### EXERCISE OBJECTIVE
Please repeat exactly the lines from the one containing "Canon ELPH 510" through the last line of the records below, leaving out any pictures.

##### DATA FOR THIS EXERCISE #####

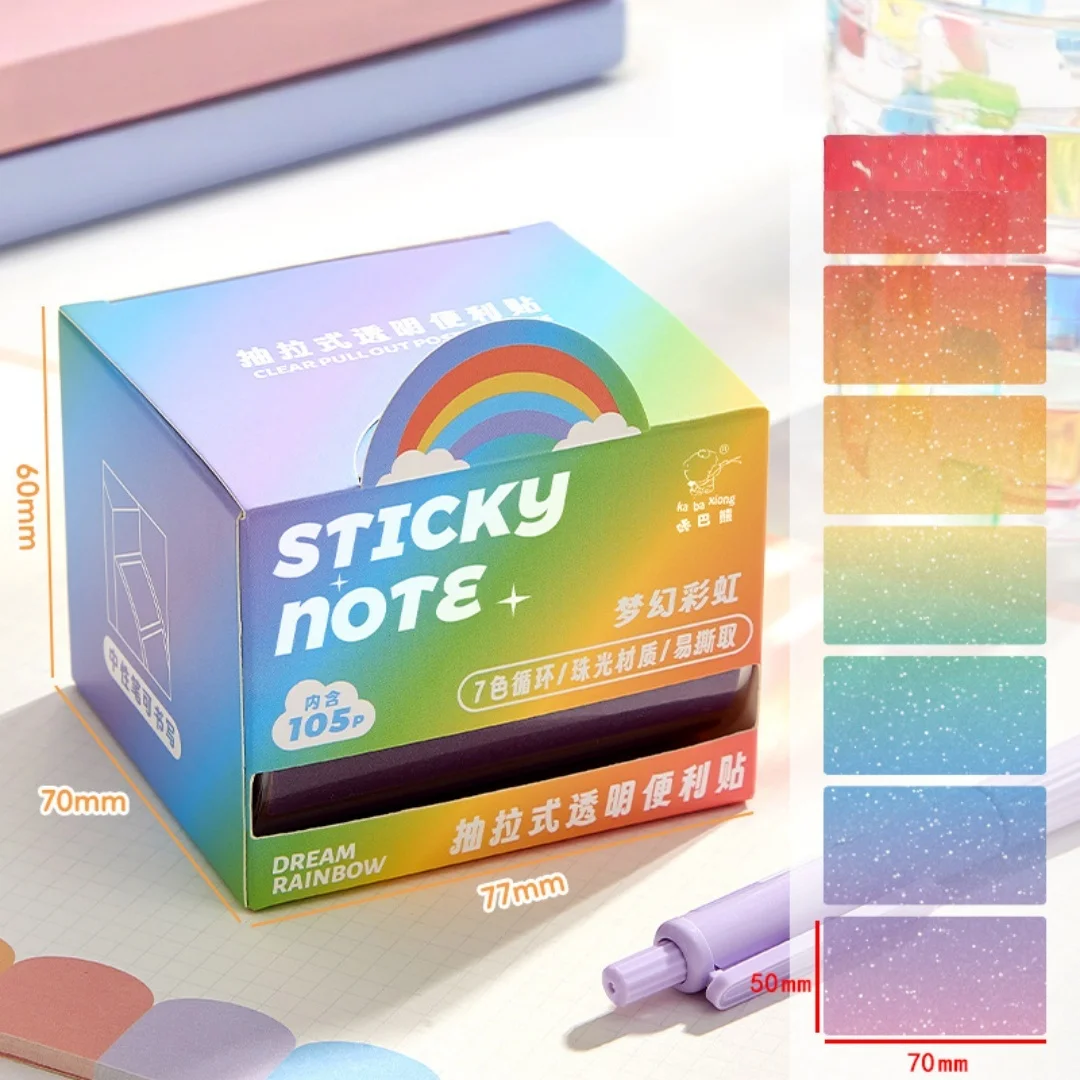 105 sheet Drawable Pearl Sticky Notepad Dreamy Transparent Sticky Notes Convenient For Student Stationery Office Key Point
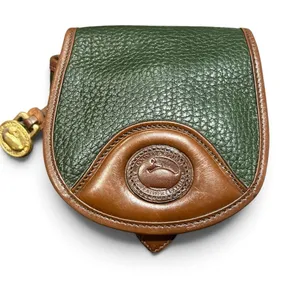 Vintage Dooney & Bourke All-Weather Leather coin purse in fir green and Britis thumbnail 1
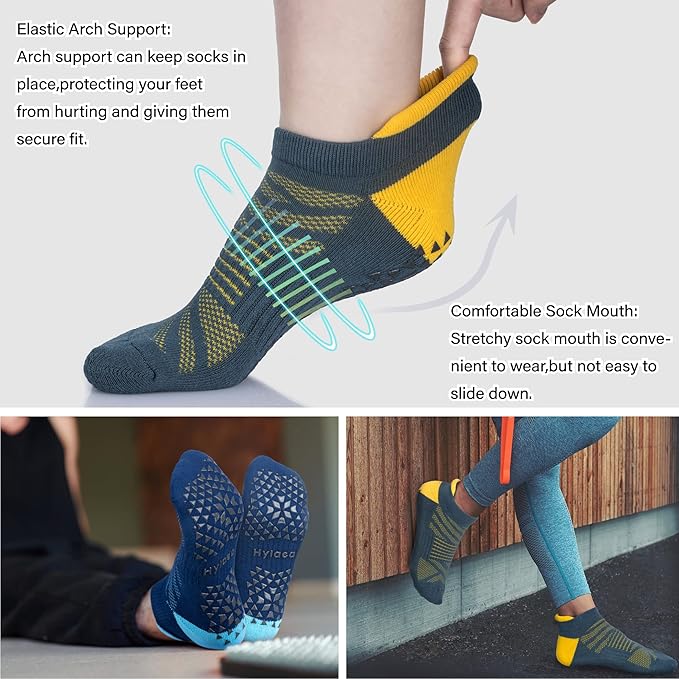 Hylaea Unisex Non Slip Socks with Grip for Yoga, Hospital, Pilates, Barre | Ankle, Cushioned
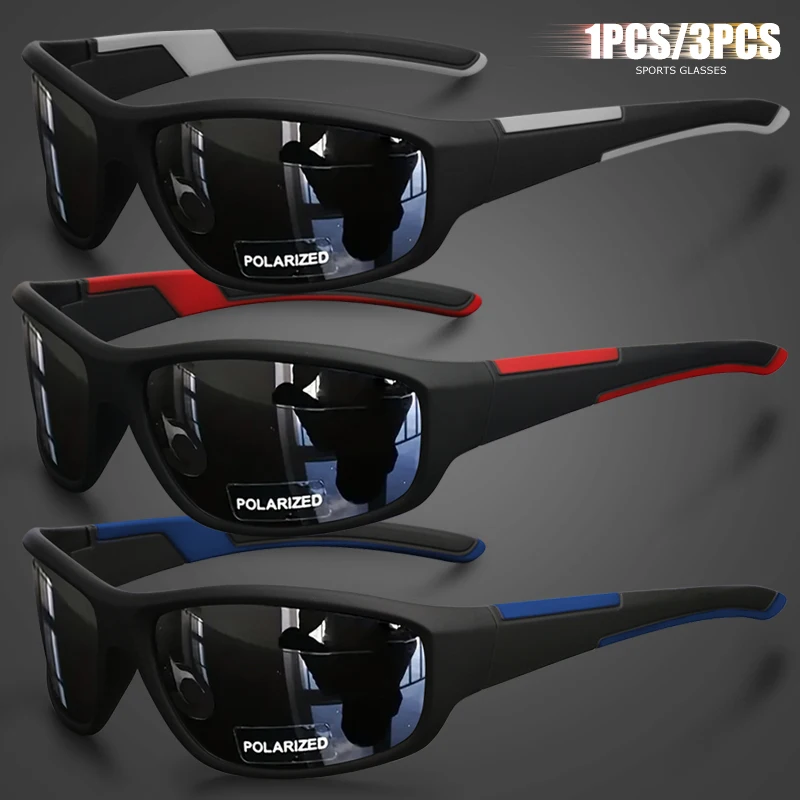 1PCS/3PCS Polarized Sport Sunglasses Men women Outdoor Unbreakable frame for Running, Fishing, Driving Goggles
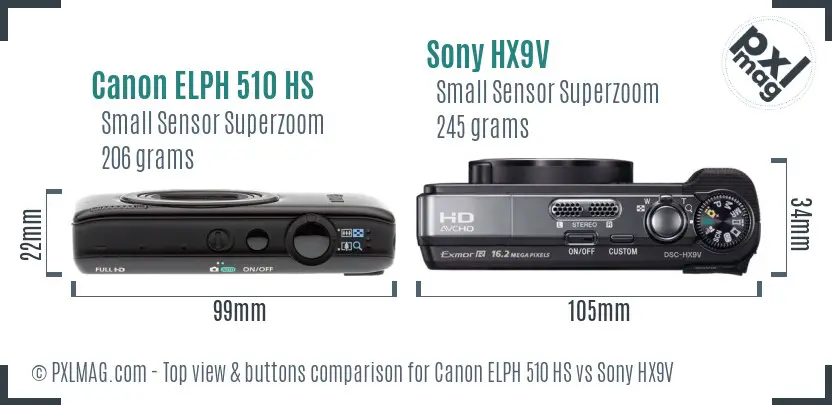 Canon ELPH 510 HS vs Sony HX9V top view buttons comparison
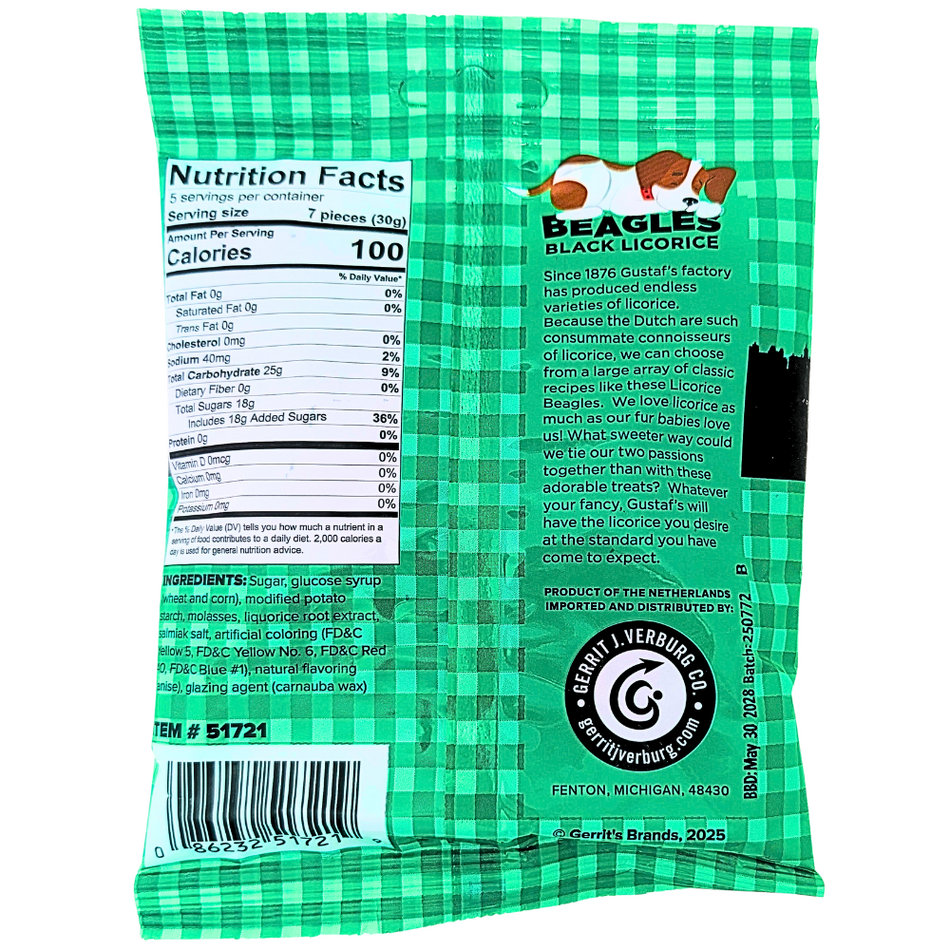 Gustaf's Dutch Licorice Beagles Candy - 150g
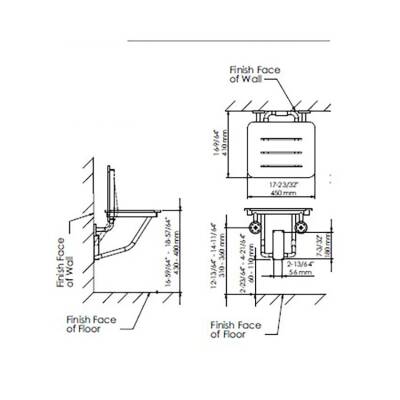 Bocchi Care Bedensel Engelli Katlanabilir Duş Oturağı-Meşe Fenolik TBDO-101-1005 - 2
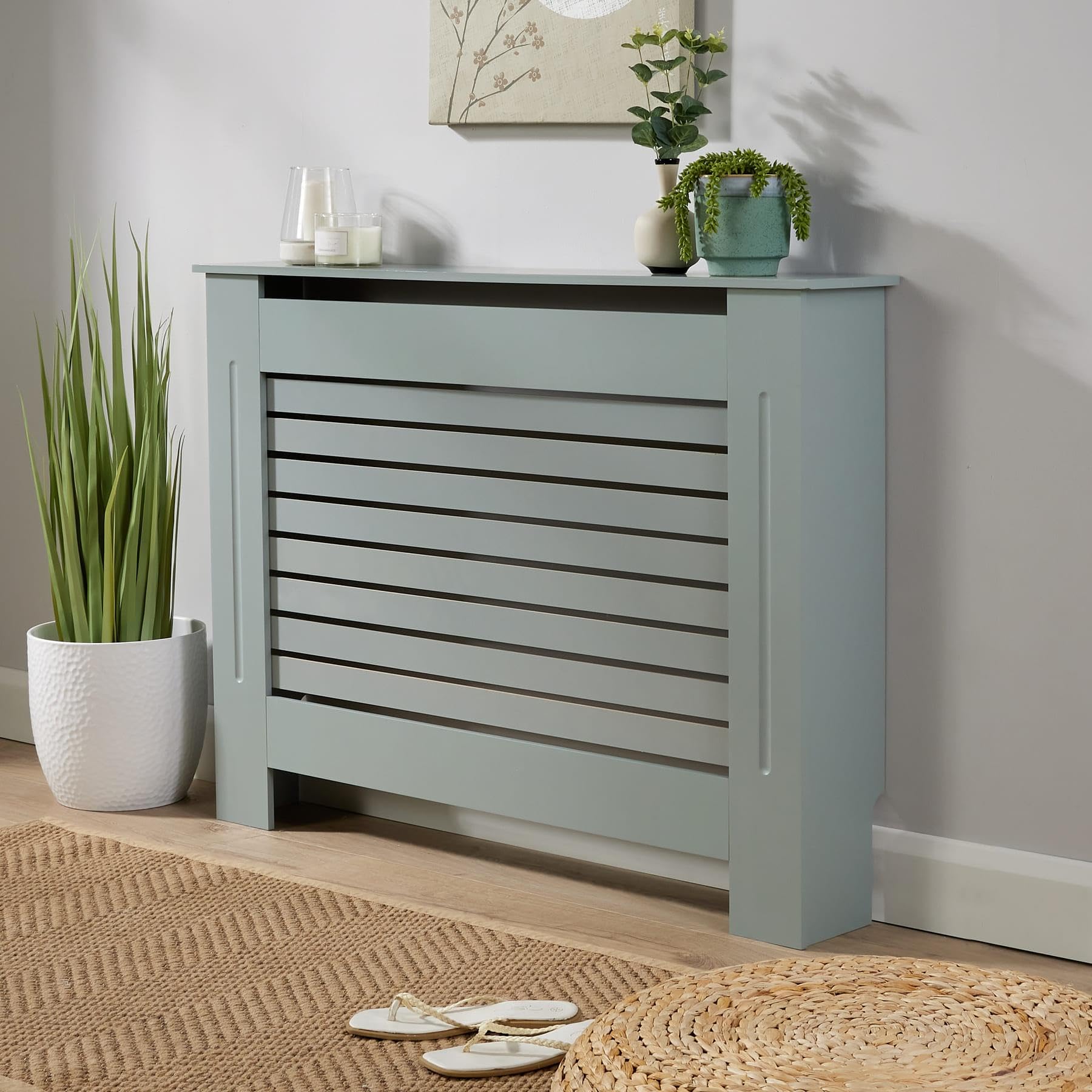 Home Source Radiator Cover Wooden Wall Cabinet Shelf Slatted Grill, Grey, Medium 112cm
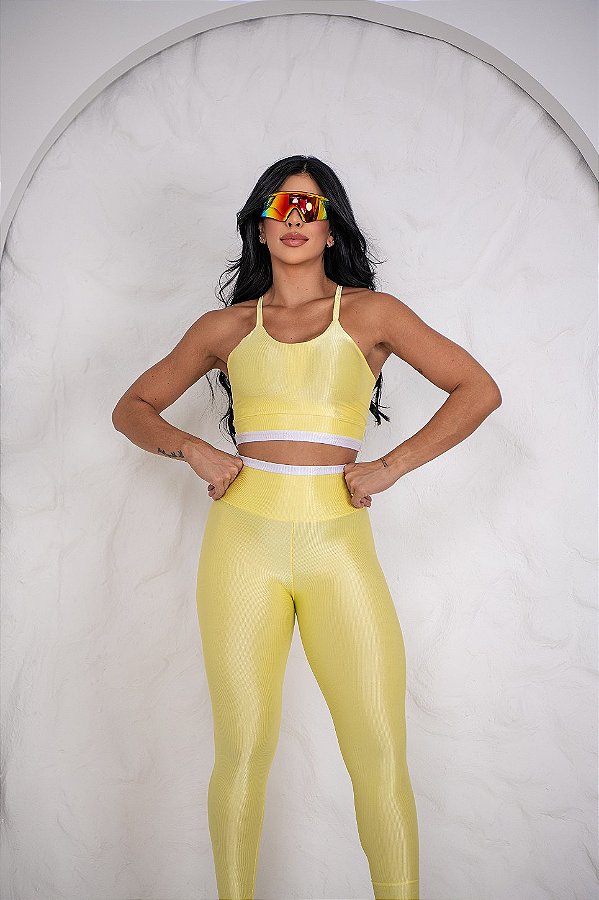 CONJUNTO FITNESS CALÇA E TOP SHINE - AMARELO BEBÊ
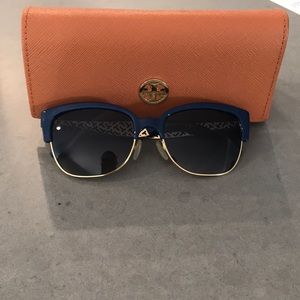 Blue and gold Tory Burch sunglasses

#####

### YOUR RESPONSE
 Canon ELPH 510 HS vs Sony HX9V top view buttons comparison
 Gustaf's Dutch Licorice Beagles Candy - 150g
 Bocchi Care Bedensel Engelli Katlanabilir Duş Oturağı-Meşe Fenolik TBDO-101-1005 - 2
 Home Source Radiator Cover Wooden Wall Cabinet Shelf Slatted Grill, Grey, Medium 112cm
 CONJUNTO FITNESS CALÇA E TOP SHINE - AMARELO BEBÊ
 Blue and gold Tory Burch sunglasses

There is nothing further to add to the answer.